All of the data is to be printed exactly, though the images must be left off.

*** Given information ***

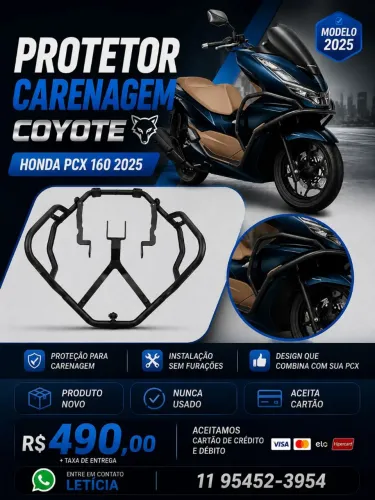 Protetor de carenagem Pcx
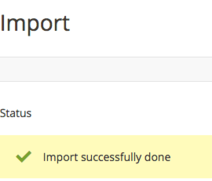 import successful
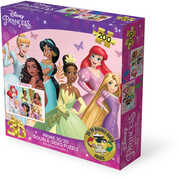 Disney Princess 6 Princesses 200pc 18x12 in 3D/ 2D Double-Sided Puzzle 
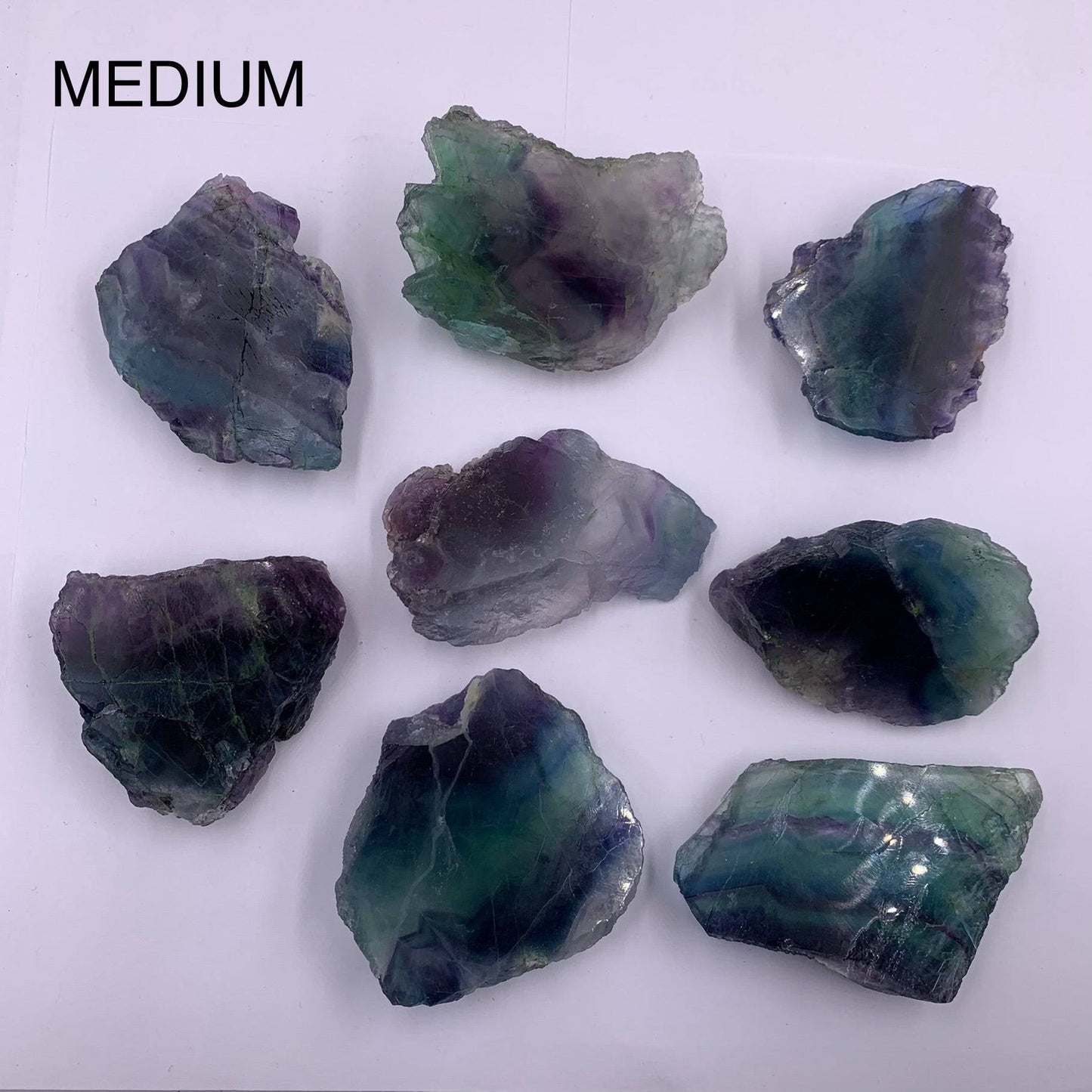 Fluorite Slice (1/2 Polished)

*** End of Given information ***

— The completed task —
 Protetor de carenagem Pcx
 import successful
 Disney Princess 6 Princesses 200pc 18x12 in 3D/ 2D Double-Sided Puzzle 
 Fluorite Slice (1/2 Polished)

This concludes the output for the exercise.